In Sweden, the tradition is geared toward the elderly and held in churches, where young people would greet the seniors with coffee and food, she said.
"It was fun for the teenagers to do it together as a school assembly or youth group," Abercrombie said.
During the celebration, a St. Lucia designee is chosen to lead the procession for the Festival of Lights. In big Scandinavian cities, people vote for candidates they know, but for the Chicago procession the designee is chosen from a hat, she said.
The candidates, who are roughly between the ages of 16 and 25, represent various Swedish-American organizations around the area. There are usually between 5-15 candidates, she said.
The celebration begins at the Chicago Cultural Center, 78 E. Washington St., at 11:30 a.m. The freshly crowned Lucia leads the procession and is followed the other teens in all white gowns, Abercrombie said.

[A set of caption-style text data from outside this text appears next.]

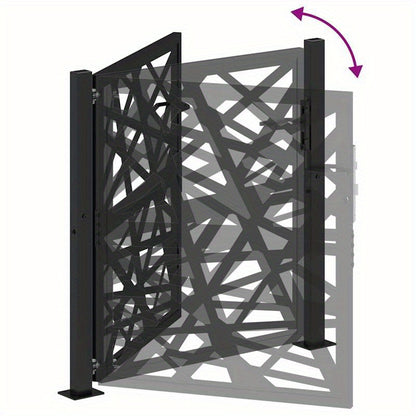 Metalen Poort – Tuinpoort – Buitenhek – Terraspoort – Afscheiding – Zwart Mat – 105x105 cm – Duurzaam Geometrisch Design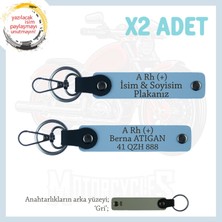Yol Arkadaşlarına, Isim Plaka ve A Rh + Kan Grubu Yazılı Acil Durum 2'li Anahtarlık Takımı, Mavi-Gr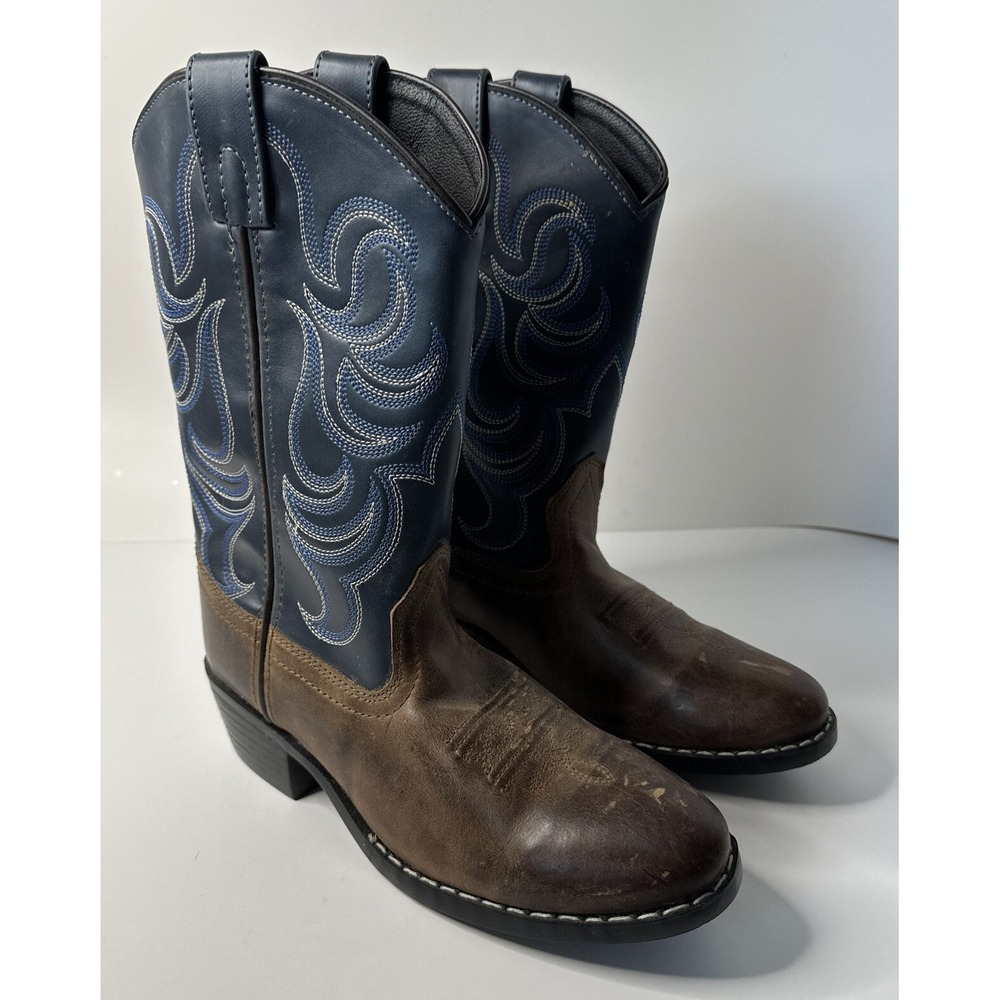 Cody James Blue/Brown Leather Round Toe Pull On Western Boots‎ Youth Size 4 D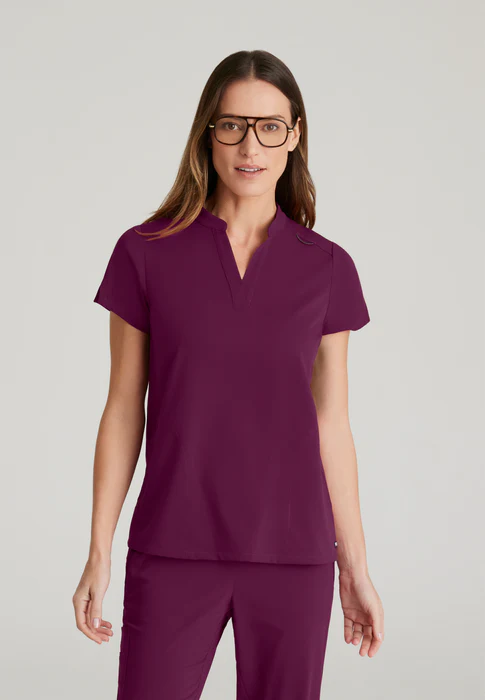 Grey's Anatomy Spandex Stretch Avery 2-Pocket Banded Collar Tuck In Scrub Top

At 4:45 p.m., the festival moves to Andersonville with a procession leaving from the museum, 5211 N. Clark St. as store owners stand outside with candles to greet the Lucia, she said.
After the procession, participants are invited to a celebration at the museum featuring a telling of the Lucia legend, family entertainment and Swedish holiday treats, according to the Andersonville Chamber of Commerce website.
Admission to the festival is $1 or a can of food to be donated to Care For Real.